* _Problem requirements_
In the records below, the relevant part opens with the line containing "Ein Mann steht" and closes with the line containing "Window Genie tech"; print that part exactly and only, without its pictures.

* _Task inputs_
┄┄┄┄┄┄┄┄┄┄┄┄┄┄┄┄┄┄┄┄

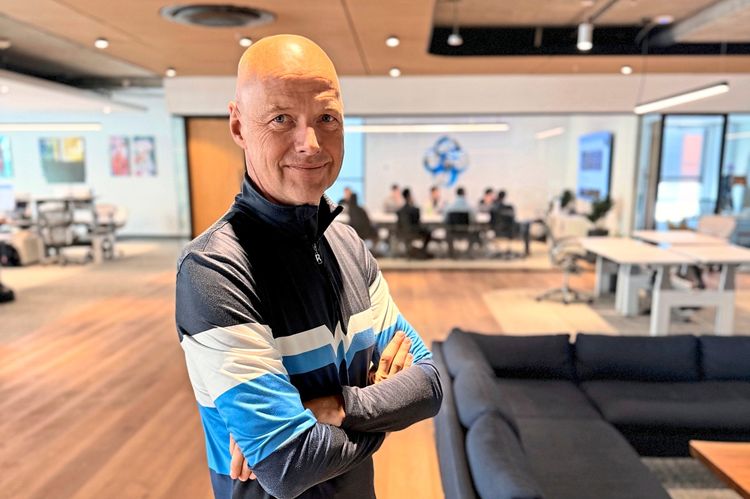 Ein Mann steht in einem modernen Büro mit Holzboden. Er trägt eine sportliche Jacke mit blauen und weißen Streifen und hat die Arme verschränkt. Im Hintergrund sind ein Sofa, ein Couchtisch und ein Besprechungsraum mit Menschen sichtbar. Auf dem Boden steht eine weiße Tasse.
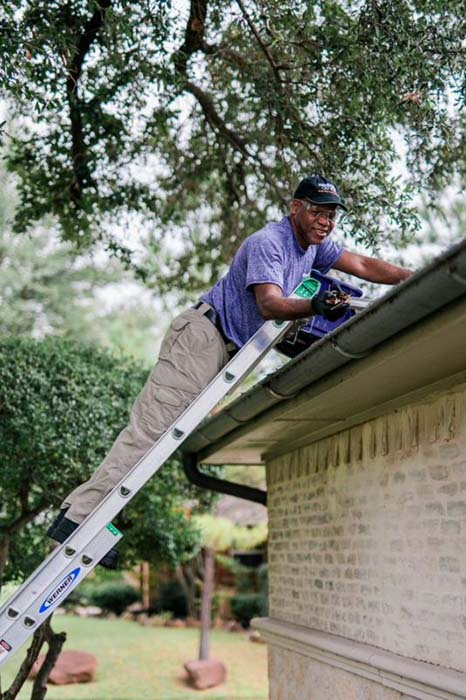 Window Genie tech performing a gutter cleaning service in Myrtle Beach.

┄┄┄┄┄┄┄┄┄┄┄┄┄┄┄┄┄┄┄┄

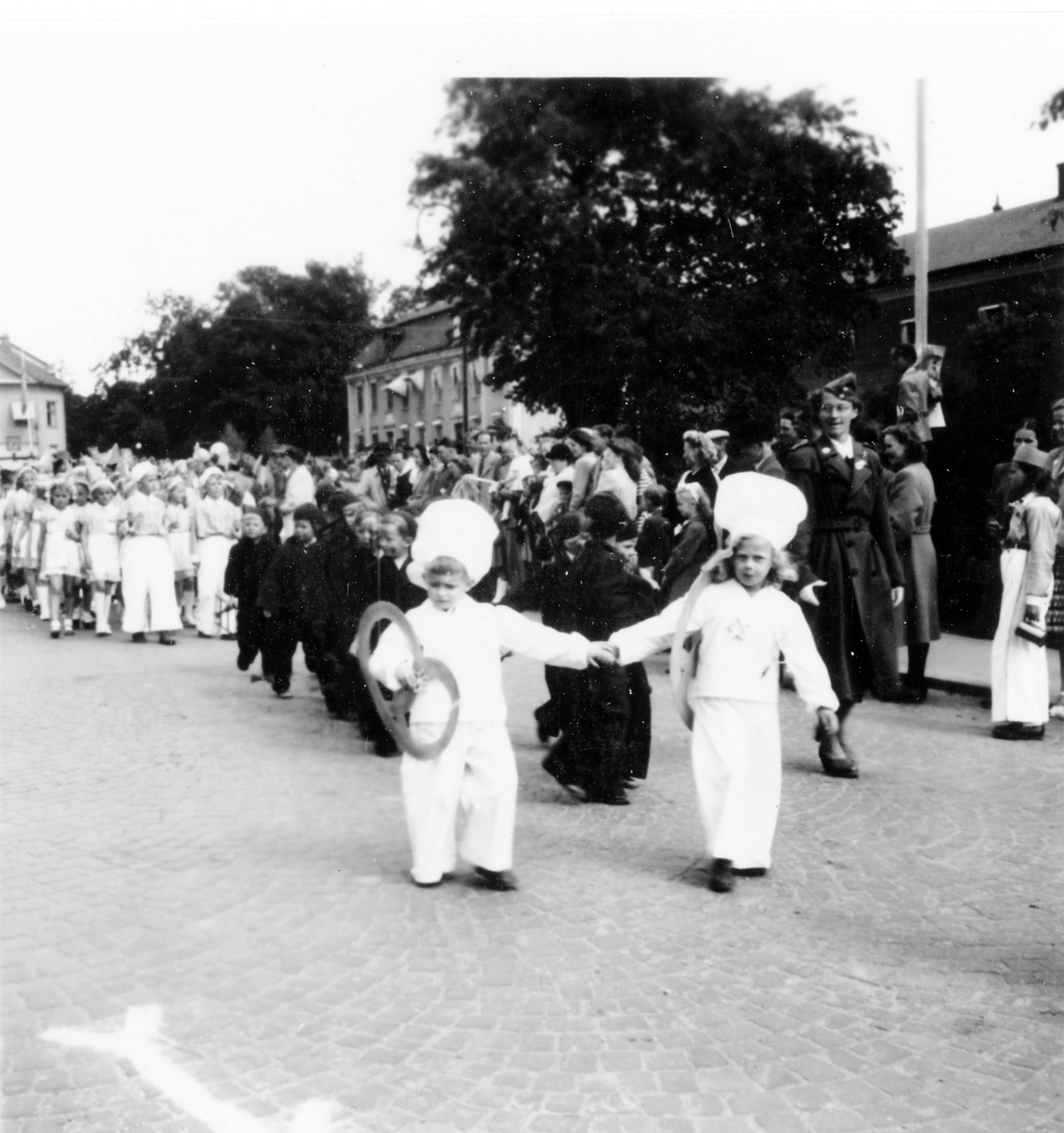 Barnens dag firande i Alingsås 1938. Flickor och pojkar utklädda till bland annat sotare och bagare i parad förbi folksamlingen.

┄┄┄┄┄┄┄┄┄┄┄┄┄┄┄┄┄┄┄┄

* _Exercise result_
 Ein Mann steht in einem modernen Büro mit Holzboden. Er trägt eine sportliche Jacke mit blauen und weißen Streifen und hat die Arme verschränkt. Im Hintergrund sind ein Sofa, ein Couchtisch und ein Besprechungsraum mit Menschen sichtbar. Auf dem Boden steht eine weiße Tasse.
 Window Genie tech performing a gutter cleaning service in Myrtle Beach.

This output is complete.